TAOCP 7.1.4 Exercise 61

Let $f$ and $g$ be Boolean functions with respective BDDs.

Section 7.1.4: Binary Decision Diagrams

Exercise 61. ▶ [M27] [M27] If α and β are nodes of the respective BDDs for f and g, prove that in-degree(α ⋄β) ≤in-degree(α) · in-degree(β) in the melded BDD f ⋄g. (Imagine that the root of a BDD has in-degree 1.)

7.1.4 BINARY DECISION DIAGRAMS 263

Verified: no
Solve time: 5m32s


Setup

Let $f$ and $g$ be Boolean functions with respective BDDs. Let $\alpha$ be a node in the BDD of $f$ and $\beta$ a node in the BDD of $g$. In the melded BDD for $f \diamond g$, nodes are formed as pairs $\alpha \diamond \beta$ of compatible nodes, and directed edges arise from simultaneous traversal of the LO and HI structure in the two component BDDs, respecting the variable ordering.

For a node $v$ in a directed acyclic graph, $\mathrm{in\text{-}degree}(v)$ denotes the number of incoming edges to $v$. The goal is to prove

$$ \mathrm{in\text{-}degree}(\alpha \diamond \beta) \le \mathrm{in\text{-}degree}(\alpha),\mathrm{in\text{-}degree}(\beta). $$

The root is assumed to have in-degree $1$, consistent with the convention for BDDs.

Solution

Consider any incoming edge in the melded BDD that ends at the node $\alpha \diamond \beta$. Such an edge originates at some node of the form $\alpha' \diamond \beta'$, where there is a valid transition in the $f$-BDD from $\alpha'$ to $\alpha$ and simultaneously a valid transition in the $g$-BDD from $\beta'$ to $\beta$, using the same branch type (LO or HI) determined by the same variable comparison in the ordered structure.

Thus every incoming edge to $\alpha \diamond \beta$ determines uniquely an ordered pair consisting of one incoming edge to $\alpha$ and one incoming edge to $\beta$. Specifically, the projection of the melded edge onto the first component is an edge $\alpha' \to \alpha$ in the BDD of $f$, and the projection onto the second component is an edge $\beta' \to \beta$ in the BDD of $g$.

Define the mapping that sends each incoming edge $e$ of $\alpha \diamond \beta$ to the pair $(e_f, e_g)$ consisting of its component edges in the two original BDDs.
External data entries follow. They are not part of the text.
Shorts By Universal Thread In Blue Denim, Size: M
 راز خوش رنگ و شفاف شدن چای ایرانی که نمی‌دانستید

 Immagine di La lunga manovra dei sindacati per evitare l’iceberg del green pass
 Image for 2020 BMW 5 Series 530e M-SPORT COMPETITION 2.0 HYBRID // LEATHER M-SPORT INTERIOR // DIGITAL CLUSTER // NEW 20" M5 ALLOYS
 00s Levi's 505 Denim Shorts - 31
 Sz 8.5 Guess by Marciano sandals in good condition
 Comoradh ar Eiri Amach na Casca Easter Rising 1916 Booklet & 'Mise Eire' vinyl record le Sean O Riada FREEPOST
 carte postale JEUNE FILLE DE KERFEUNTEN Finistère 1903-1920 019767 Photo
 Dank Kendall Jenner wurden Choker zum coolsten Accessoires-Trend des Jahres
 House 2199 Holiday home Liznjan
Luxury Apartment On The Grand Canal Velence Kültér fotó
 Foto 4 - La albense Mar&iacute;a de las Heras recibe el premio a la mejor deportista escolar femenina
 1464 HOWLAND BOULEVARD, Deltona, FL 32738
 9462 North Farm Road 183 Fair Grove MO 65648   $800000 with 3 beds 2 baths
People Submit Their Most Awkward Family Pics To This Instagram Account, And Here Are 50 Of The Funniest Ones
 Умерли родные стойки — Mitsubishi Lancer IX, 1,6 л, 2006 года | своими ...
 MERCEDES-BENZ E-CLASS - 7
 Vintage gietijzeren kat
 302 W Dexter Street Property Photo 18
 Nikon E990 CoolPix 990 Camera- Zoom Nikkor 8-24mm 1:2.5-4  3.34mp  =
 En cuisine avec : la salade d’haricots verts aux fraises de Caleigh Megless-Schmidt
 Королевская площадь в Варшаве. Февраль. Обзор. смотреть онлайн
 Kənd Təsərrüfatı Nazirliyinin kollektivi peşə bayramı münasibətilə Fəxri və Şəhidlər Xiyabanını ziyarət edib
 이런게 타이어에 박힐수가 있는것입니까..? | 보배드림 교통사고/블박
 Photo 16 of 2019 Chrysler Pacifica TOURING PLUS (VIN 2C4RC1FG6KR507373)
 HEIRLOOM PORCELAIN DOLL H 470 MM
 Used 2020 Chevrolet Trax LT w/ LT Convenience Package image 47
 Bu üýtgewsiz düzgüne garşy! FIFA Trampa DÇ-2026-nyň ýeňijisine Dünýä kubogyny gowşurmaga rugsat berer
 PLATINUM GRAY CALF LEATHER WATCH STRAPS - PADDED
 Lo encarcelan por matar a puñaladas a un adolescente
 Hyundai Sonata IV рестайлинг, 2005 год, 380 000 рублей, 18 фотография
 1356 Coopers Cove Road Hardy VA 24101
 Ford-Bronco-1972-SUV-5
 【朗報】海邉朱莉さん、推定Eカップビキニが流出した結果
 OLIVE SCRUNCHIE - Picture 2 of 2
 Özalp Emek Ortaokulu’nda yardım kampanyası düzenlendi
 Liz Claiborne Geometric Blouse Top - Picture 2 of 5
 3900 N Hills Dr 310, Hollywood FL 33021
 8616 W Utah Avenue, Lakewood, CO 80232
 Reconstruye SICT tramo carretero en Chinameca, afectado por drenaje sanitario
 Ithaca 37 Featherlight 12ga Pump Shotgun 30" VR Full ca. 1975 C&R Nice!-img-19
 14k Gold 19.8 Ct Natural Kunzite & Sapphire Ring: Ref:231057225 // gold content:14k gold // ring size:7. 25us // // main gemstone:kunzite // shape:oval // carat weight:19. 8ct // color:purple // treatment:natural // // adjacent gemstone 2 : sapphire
This mapping is injective because distinct incoming edges in the melded structure differ in at least one endpoint node, hence differ in at least one of their projected component edges.

The image of this injection lies in the Cartesian product of the sets of incoming edges to $\alpha$ and to $\beta$. Therefore the number of incoming edges to $\alpha \diamond \beta$ cannot exceed the number of such pairs:

$$ \mathrm{in\text{-}degree}(\alpha \diamond \beta) \le \mathrm{in\text{-}degree}(\alpha),\mathrm{in\text{-}degree}(\beta). $$

This completes the proof. ∎

Verification

Each incoming edge in the melded BDD is determined by a unique predecessor pair $(\alpha' \diamond \beta')$ together with a unique choice of branch consistent in both component BDDs. Projection onto each coordinate yields a valid incoming edge in the respective original BDDs.

Distinct melded edges cannot project to the same pair of component edges, since the source node in the product structure is uniquely determined by its components. Hence the injection into the Cartesian product is valid, and no overcounting occurs.

The inequality follows directly from counting the size of the image set.

Notes

The argument remains valid even if reduction rules are applied after forming the product structure, since merging identical nodes can only decrease in-degree and never increase it.